Source material Start Marker

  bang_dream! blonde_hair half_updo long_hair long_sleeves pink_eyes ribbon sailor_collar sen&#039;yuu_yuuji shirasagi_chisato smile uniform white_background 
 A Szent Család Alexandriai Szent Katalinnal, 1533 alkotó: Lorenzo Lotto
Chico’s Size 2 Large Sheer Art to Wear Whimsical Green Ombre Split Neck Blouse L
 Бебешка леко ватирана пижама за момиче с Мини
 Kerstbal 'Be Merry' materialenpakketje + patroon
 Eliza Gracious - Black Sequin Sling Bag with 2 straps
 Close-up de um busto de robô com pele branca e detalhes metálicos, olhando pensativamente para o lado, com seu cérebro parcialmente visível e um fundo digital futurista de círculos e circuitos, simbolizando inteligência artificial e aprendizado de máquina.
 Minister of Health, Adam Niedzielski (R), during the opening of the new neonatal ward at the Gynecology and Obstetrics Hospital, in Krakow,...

Source material End Marker
Source material Start Marker

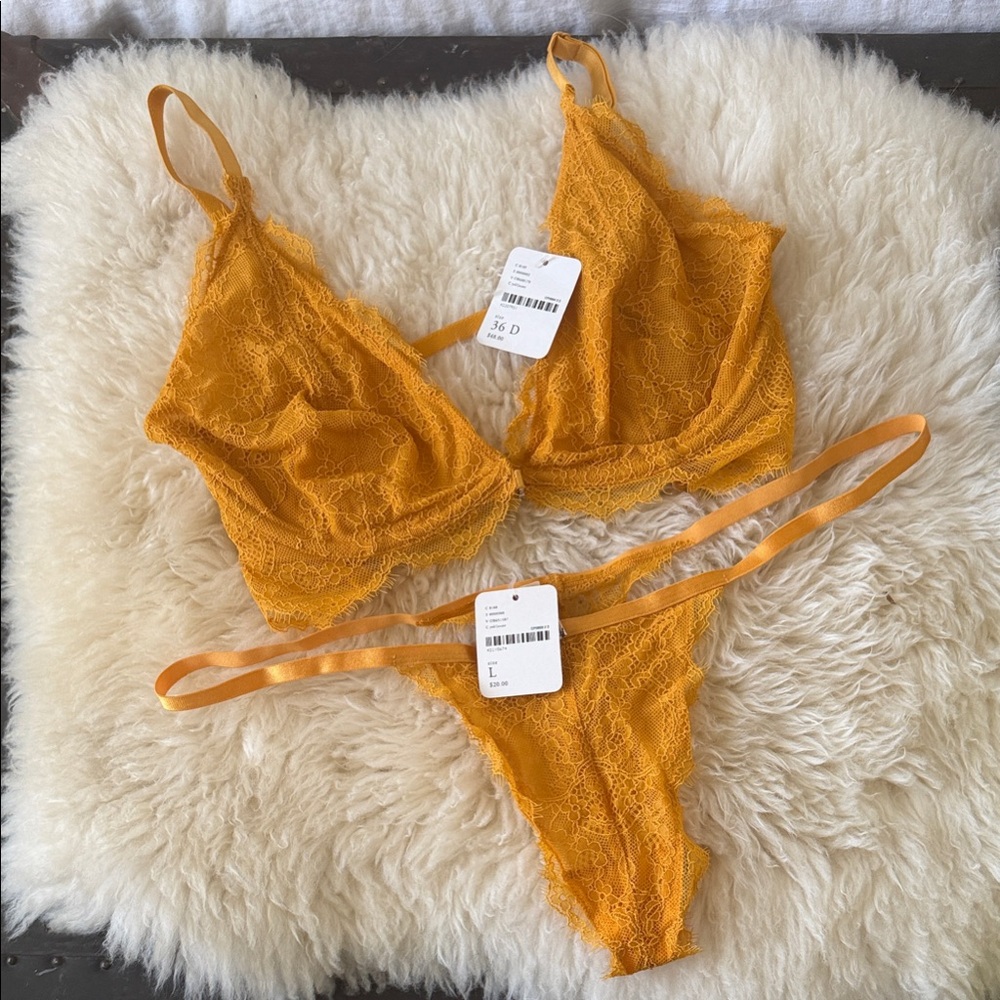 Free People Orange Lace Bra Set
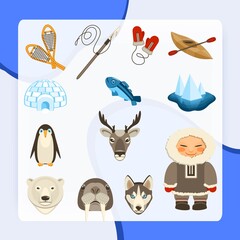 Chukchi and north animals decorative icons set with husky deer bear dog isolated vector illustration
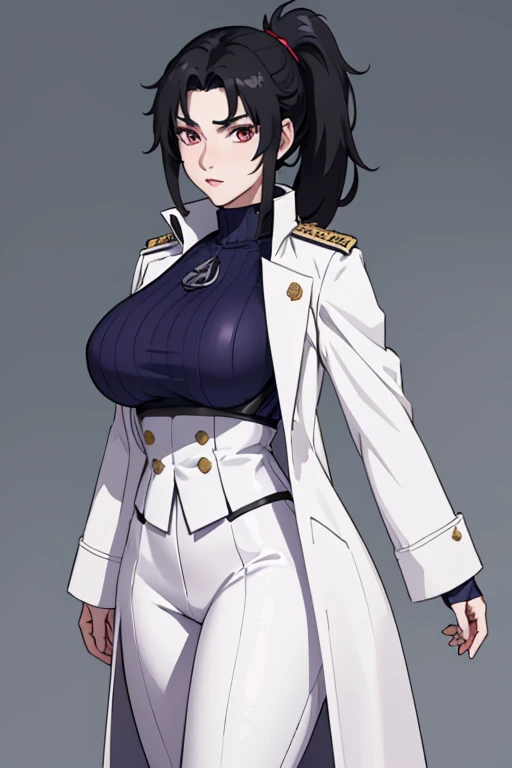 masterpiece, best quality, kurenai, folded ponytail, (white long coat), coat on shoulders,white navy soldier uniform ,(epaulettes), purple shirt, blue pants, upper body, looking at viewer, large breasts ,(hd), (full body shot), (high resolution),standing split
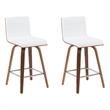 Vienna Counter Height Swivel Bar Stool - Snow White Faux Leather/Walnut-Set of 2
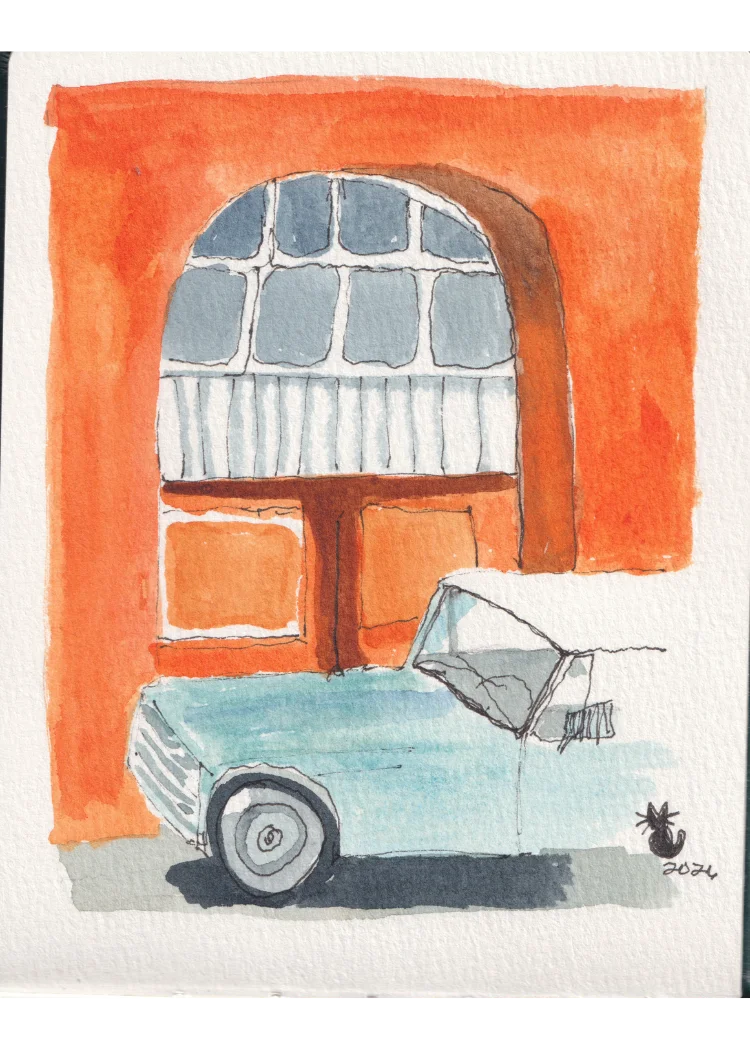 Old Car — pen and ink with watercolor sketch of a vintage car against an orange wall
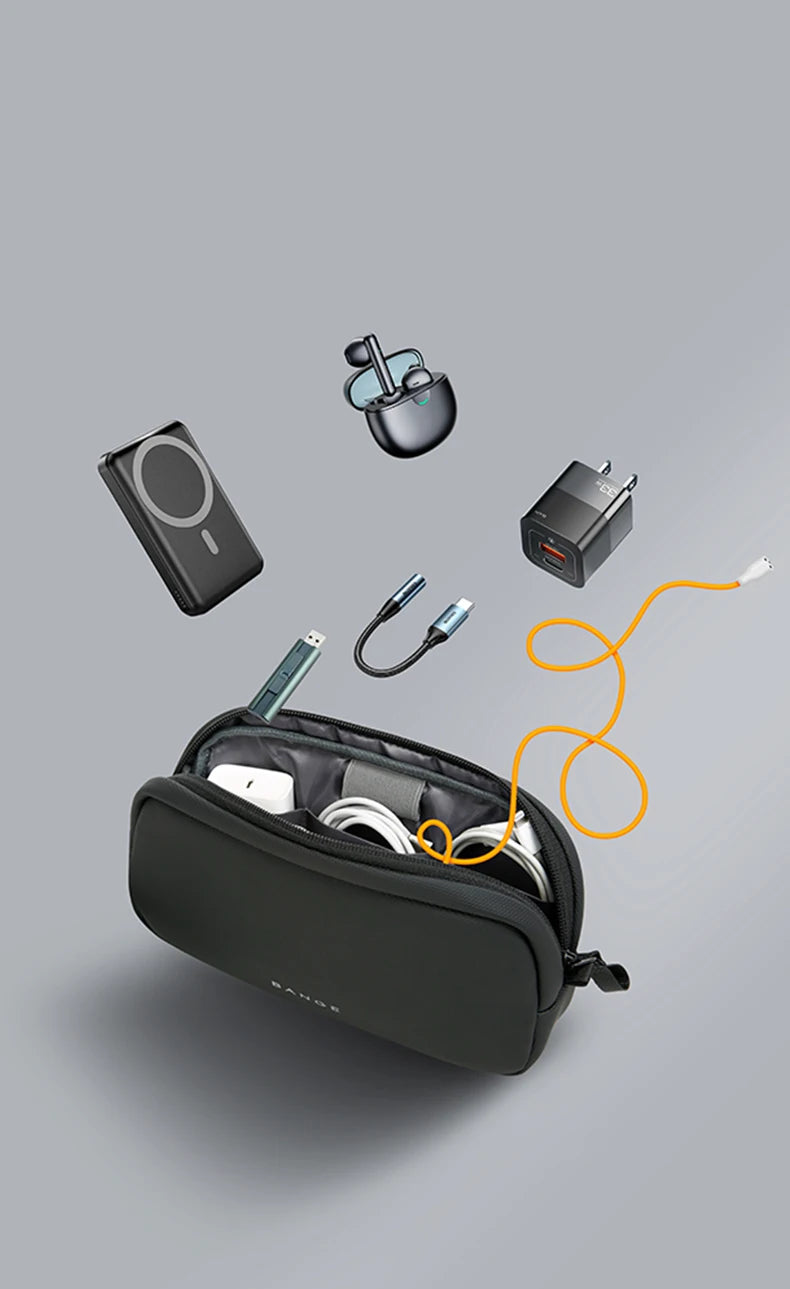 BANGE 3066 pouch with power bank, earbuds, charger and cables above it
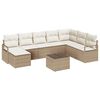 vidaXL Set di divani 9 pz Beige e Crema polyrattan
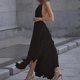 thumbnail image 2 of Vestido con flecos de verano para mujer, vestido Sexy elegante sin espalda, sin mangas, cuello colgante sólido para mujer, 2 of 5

Source material End Marker

§ **Task statement**: Reproduce, word for word and in full, only the lines above that start at the line with "bang_dream! blonde_hair half_updo" and run through the line with "Minister of Health, Adam", both ends included.

§ **Problem solution**:
  bang_dream! blonde_hair half_updo long_hair long_sleeves pink_eyes ribbon sailor_collar sen&#039;yuu_yuuji shirasagi_chisato smile uniform white_background 
 A Szent Család Alexandriai Szent Katalinnal, 1533 alkotó: Lorenzo Lotto
Chico’s Size 2 Large Sheer Art to Wear Whimsical Green Ombre Split Neck Blouse L
 Бебешка леко ватирана пижама за момиче с Мини
 Kerstbal 'Be Merry' materialenpakketje + patroon
 Eliza Gracious - Black Sequin Sling Bag with 2 straps
 Close-up de um busto de robô com pele branca e detalhes metálicos, olhando pensativamente para o lado, com seu cérebro parcialmente visível e um fundo digital futurista de círculos e circuitos, simbolizando inteligência artificial e aprendizado de máquina.
 Minister of Health, Adam Niedzielski (R), during the opening of the new neonatal ward at the Gynecology and Obstetrics Hospital, in Krakow,...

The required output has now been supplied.